During that 30 minutes, the French ground crew had finished loading all the new bags into the aft cargo hold of the DC-10. The DC-10 was only a few years old at this point. It was McDonnell Douglas Aircraft Company’s jumbo jet model, made to compete with Boeing's famous 747. When the ground crew closed the cargo door, one of them pushed down on the locking handle. He noted in the safety report that he required no extra force to secure the door. All seemed well.
Unfortunately, he missed something important. On the door he closed there was a sign warning ground crew to check through a small viewing window to ensure the locking mechanism was truly secure. But that sign was only in English and Turkish, so the French crewman had no idea.
Neither did Berkoz, as he finally taxied the aircraft down the runway at 12:32PM. As the plane gained altitude the cabin remained pressurized as the pressure of the air outside began to drop. The pressure difference grew until until the aft cargo door burst off of the DC-10. Once the pressure between the cargo bay and the outside equalized, this pressure differential, combined with the weight of the completely full aircraft, caused the cabin floor to collapse. The aircraft controls and the controls for the tail engine all ran through the cabin floor, and so were severed. With no control, and the plain falling apart, Berkoz stood no chance at recovering the aircraft. Despite his over 7000 hours of flight experience, the plane collided into the ground at 487mph (783km/h). Crashes at such speeds are unsurvivable.
Turkish Airlines flight 981 demonstrates the degree to which everything on an airplane must operate perfectly in order to avoid catastrophic accidents. A single error in the design of the DC-10 caused what was, at the time, the single most deadly air travel disaster to have occurred. The aft cargo door was designed to open outward in order to optimize cargo room, but that left it prone to failure due to the pressure differential between the inside and the outside of the aircraft. The floor did not have vents to help equalize the pressure in the cabin, nor supports to keep it intact in the event of depressurization while at full capacity. All the controls for the plane’s elevators, rudder, and rear (#2) engine ran through the floor, with no independent backups. So when the locking pins in the door failed, it created a cascade of failures that inevitably resulted in the loss of the plane. Of course, each and every one of these was a design failure, but who could have predicted that they would all interact in such a negative feedback loop?

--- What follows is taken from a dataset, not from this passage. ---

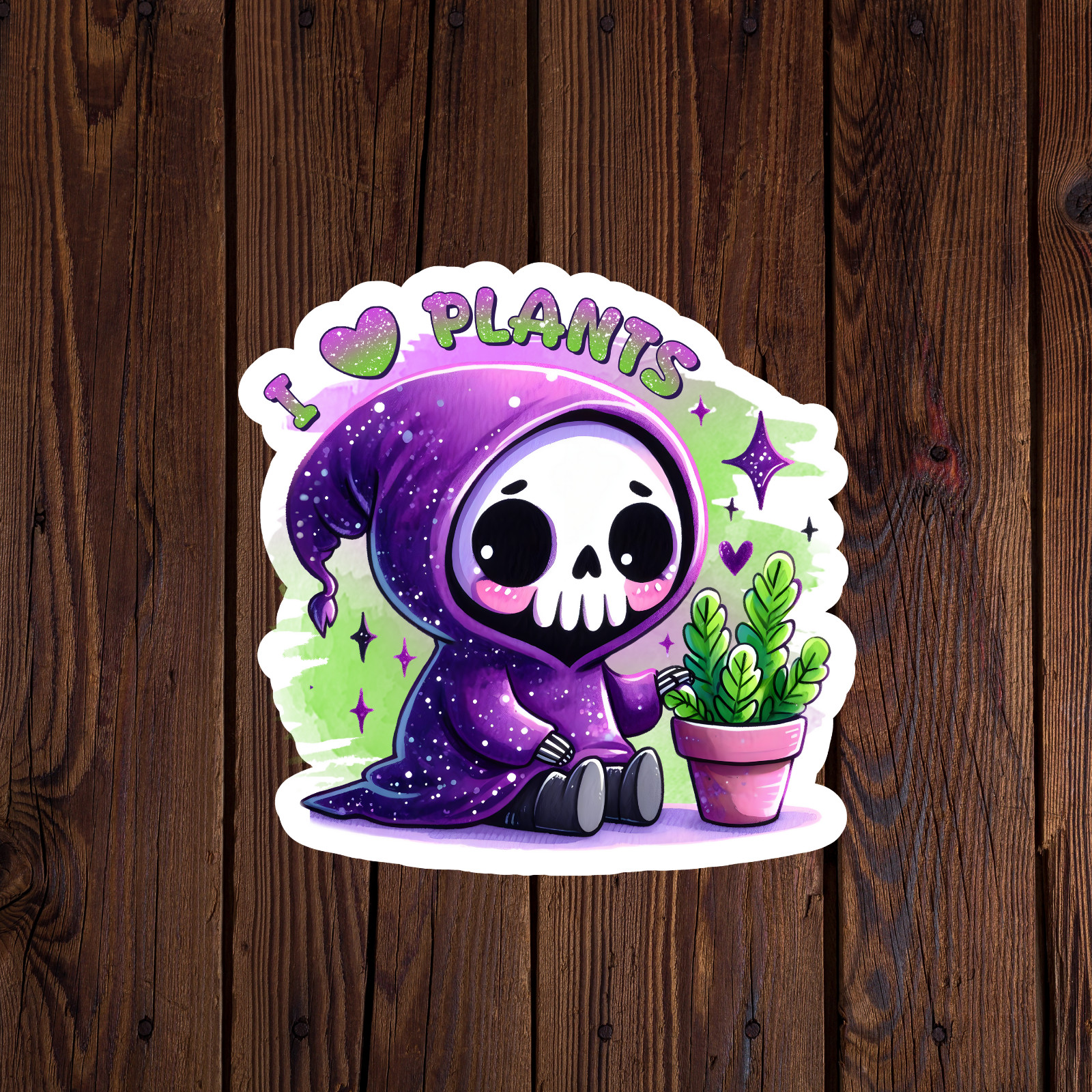 Skeleton sticker vinyl decal sarcastic funny grim reaper I love plants garden
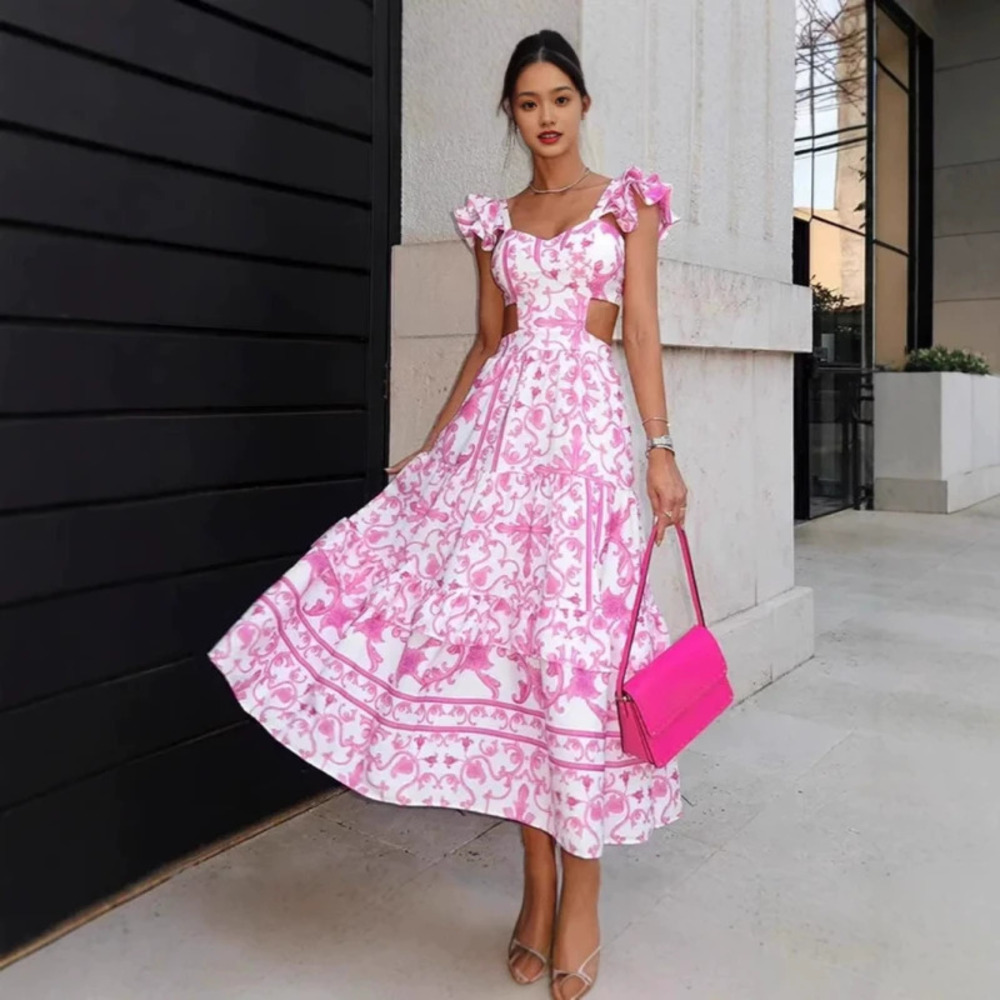 Spring Padded Shoulder Flutter Sleeve Printed Cutout Long Dress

It turns out, McDonnell Douglas aircraft company and the FAA knew. Two years earlier, American Airlines flight 96 out of Detroit had experienced the exact same problem. Fortunately, in that case the plane had not been full, so the collapse of the cabin floor had been only partial, and the pilots maintained enough control over the aircraft to land in what was still an almost miraculous demonstration of skill.
After the release of the accident report about flight 96, the FAA was preparing to release an airworthiness directive (AD) that would have required the McDonnell Douglas aircraft company to fix the locking mechanism on the cargo door, provide a system for ground crew to verify that the locking pins had successfully engaged the door, add a ventilation system between the cargo bay and the passenger cabin, and to reinforce the section of the floor that held the control cables so that it could not collapse. Such an airworthiness directive would have stopped all flights of DC-10s until these problems had been resolved.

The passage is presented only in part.